A lawmaker from Japan’s ruling party was aboard one of four fishing boats that sailed today towards islands at the centre of a bitter dispute with China, the organiser said, as Chinese vessels loomed nearby.
Japan’s national broadcaster said one of the Chinese maritime surveillance ships had been within a kilometre (1,000 yards) of the fishing boats, in an incident that could inflame a debilitating international row.
There was no attempt by anyone on board to land on any of the islands, which Japan controls as the Senkakus, but which China claims as the Diaoyus.
“The purpose of dispatching the fishing boats is to fish in the waters,” an official from the nationalist Channel Sakura satellite broadcaster told AFP, adding the company’s president was aboard one of the boats.
“Most of the people on this mission are fishermen,” he said, but noted that Kenji Yamada, a parliamentarian and member of Prime Minister Shinzo Abe’s Liberal Democratic Party had also taken part in the mission.

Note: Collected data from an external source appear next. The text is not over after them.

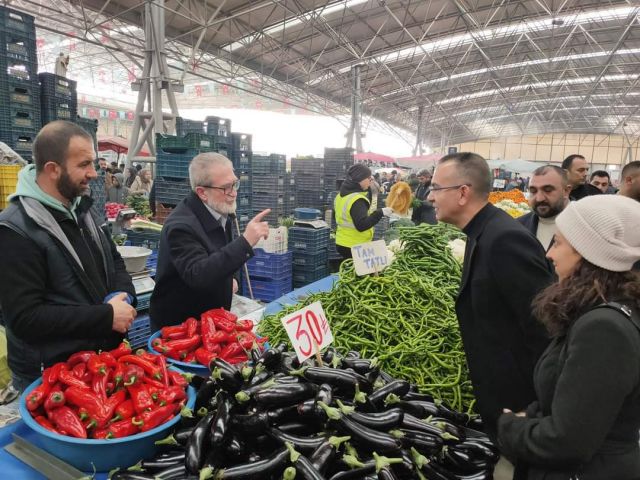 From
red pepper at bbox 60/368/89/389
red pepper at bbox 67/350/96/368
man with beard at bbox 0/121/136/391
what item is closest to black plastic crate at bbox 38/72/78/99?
man with beard at bbox 0/121/136/391

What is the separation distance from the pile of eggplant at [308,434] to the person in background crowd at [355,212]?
3.32 metres

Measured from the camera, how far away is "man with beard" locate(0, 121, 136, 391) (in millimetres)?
1826

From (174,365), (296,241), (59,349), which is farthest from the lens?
(296,241)

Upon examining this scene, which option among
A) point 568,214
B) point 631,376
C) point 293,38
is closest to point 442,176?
point 568,214

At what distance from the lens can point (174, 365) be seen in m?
2.09

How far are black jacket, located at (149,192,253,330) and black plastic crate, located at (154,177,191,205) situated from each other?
363 cm

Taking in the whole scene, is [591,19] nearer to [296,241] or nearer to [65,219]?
[296,241]

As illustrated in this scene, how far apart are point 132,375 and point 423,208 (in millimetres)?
6911

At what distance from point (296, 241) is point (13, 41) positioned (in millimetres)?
4633

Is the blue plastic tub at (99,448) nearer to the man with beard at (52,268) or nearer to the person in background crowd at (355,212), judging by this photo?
the man with beard at (52,268)

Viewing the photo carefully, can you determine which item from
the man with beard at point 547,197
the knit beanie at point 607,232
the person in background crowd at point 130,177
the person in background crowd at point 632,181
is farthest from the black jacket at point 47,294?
the person in background crowd at point 130,177

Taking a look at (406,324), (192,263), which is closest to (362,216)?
(406,324)

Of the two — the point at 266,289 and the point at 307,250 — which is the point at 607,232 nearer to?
the point at 266,289

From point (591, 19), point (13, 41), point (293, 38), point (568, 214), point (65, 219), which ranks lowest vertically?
point (65, 219) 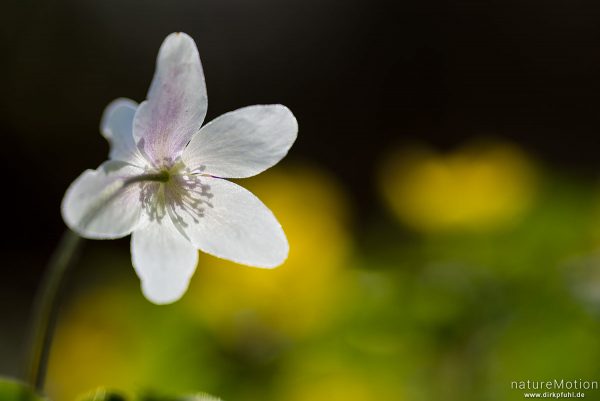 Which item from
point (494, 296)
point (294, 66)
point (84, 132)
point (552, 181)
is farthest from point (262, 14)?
point (494, 296)

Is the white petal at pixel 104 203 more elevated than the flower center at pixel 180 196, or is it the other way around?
the flower center at pixel 180 196

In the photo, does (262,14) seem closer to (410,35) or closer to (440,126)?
(410,35)

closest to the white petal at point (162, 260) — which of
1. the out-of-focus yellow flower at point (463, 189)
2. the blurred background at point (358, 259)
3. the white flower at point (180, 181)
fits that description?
the white flower at point (180, 181)

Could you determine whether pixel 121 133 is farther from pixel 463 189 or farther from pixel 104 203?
→ pixel 463 189

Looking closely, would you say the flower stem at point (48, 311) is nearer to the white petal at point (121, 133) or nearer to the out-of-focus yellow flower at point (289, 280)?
the white petal at point (121, 133)

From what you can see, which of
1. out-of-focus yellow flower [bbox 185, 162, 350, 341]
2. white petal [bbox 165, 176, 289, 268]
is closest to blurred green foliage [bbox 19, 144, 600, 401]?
out-of-focus yellow flower [bbox 185, 162, 350, 341]

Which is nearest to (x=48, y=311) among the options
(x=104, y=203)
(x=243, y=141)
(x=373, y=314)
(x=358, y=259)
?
(x=104, y=203)

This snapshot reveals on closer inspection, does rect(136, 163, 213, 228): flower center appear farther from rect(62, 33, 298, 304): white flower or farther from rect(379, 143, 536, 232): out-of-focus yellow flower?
rect(379, 143, 536, 232): out-of-focus yellow flower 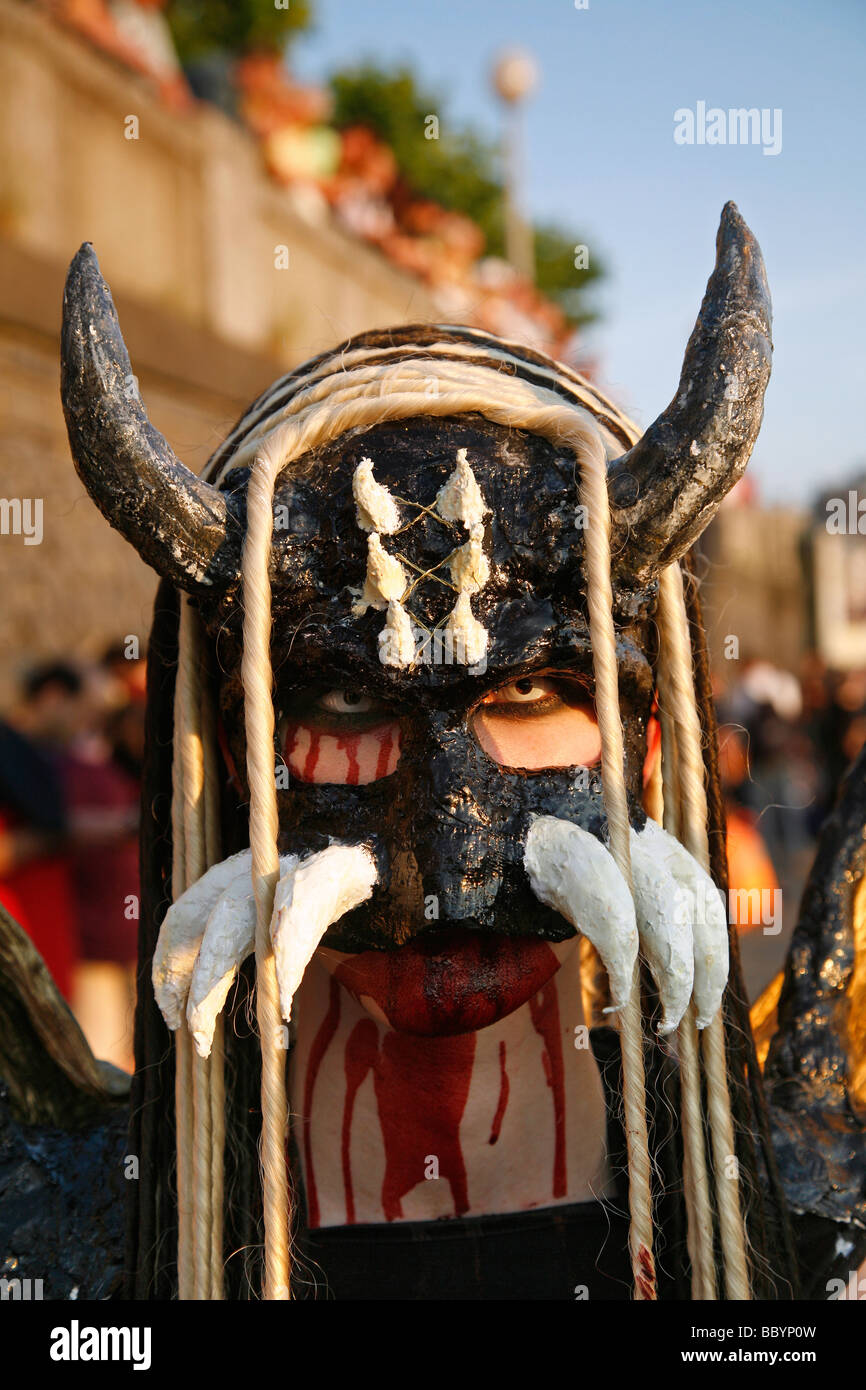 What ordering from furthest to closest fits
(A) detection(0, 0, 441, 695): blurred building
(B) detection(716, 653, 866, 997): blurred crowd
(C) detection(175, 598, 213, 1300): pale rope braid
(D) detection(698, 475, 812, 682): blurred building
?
(D) detection(698, 475, 812, 682): blurred building < (B) detection(716, 653, 866, 997): blurred crowd < (A) detection(0, 0, 441, 695): blurred building < (C) detection(175, 598, 213, 1300): pale rope braid

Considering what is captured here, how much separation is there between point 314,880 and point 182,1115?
1.47 ft

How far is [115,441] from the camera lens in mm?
1242

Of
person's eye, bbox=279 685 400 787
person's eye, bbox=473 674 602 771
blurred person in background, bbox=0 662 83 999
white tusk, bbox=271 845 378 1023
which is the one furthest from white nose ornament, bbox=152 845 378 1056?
blurred person in background, bbox=0 662 83 999

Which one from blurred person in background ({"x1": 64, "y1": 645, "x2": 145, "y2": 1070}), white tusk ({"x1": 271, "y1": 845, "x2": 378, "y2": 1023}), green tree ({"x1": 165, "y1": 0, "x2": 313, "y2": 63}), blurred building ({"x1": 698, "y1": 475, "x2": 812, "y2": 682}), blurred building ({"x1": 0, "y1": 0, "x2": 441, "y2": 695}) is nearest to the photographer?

The Japanese boats had left the area by the afternoon, he said.
The incident passed off without confrontation but marked a change from recent months, which have seen regular forays by official Chinese ships into the 12-nautical-mile zone regarded as territorial waters.
It has become customary for Japan’s coastguard and the Chinese ships to exchange demands that the other side leave the waters, as part of a tussle between Tokyo and Beijing over ownership of the resource-rich islands.
A Japanese foreign ministry official telephoned the Chinese embassy in Tokyo to protest at the presence of the Chinese vessels, the ministry said.
The four ships made a circuit of the largest island in the chain before heading away, Japan’s coastguard said.
A territorial row that dates back four decades reignited last September when Tokyo nationalised three islands in the chain, in what it said was a mere administrative change of ownership.
But the incident provoked fury in Beijing, which maintains the Senkakus were illegally snatched by Japan as it built an empire in the half-century before World War II.
Tokyo says it annexed an unclaimed archipelago that showed no signs of ownership.
Commentators say the islands are a potential flashpoint for a military confrontation between Asia’s two largest powers.
They say the occasional presence of nationalists from both sides introduces a wild card that increases the risk of a misstep by one of the armed official vessels, which could quickly escalate.